Collection entries:
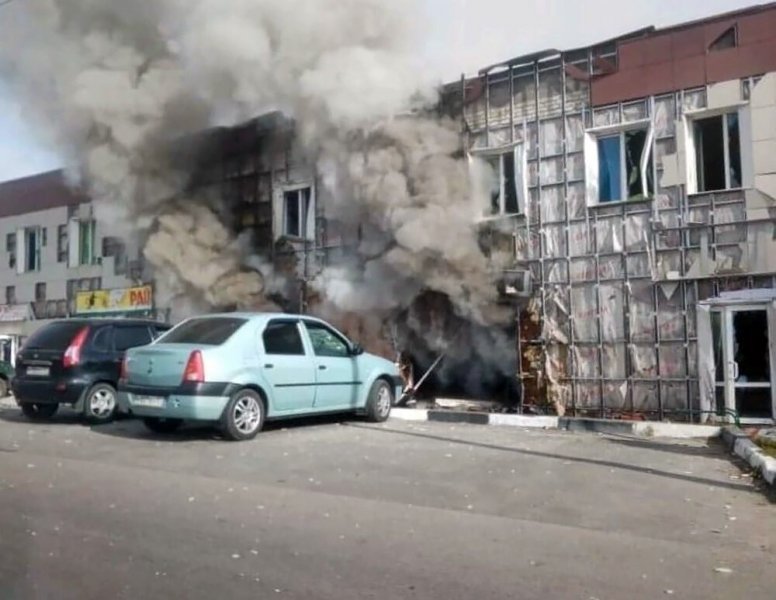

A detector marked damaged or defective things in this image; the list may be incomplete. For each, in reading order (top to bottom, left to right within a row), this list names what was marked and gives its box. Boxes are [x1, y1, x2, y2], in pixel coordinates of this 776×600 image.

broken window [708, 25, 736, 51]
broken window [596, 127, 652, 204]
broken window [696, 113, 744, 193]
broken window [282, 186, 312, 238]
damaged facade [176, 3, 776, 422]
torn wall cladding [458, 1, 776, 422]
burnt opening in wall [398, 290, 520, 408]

> ACTION ITEM:
When you print the entries, keep every line exactly as it is and drop the pictures.

> ANSWER TO THE EXERCISE:
A detector marked damaged or defective things in this image; the list may be incomplete. For each, in reading order (top to bottom, left to right within a row), this list names what was marked and gives its box. Boxes are [x1, y1, x2, y2], in pixel coordinates of this 776×600 image.

broken window [708, 25, 736, 51]
broken window [596, 127, 652, 204]
broken window [696, 113, 744, 193]
broken window [282, 186, 312, 238]
damaged facade [176, 3, 776, 422]
torn wall cladding [458, 1, 776, 422]
burnt opening in wall [398, 290, 520, 408]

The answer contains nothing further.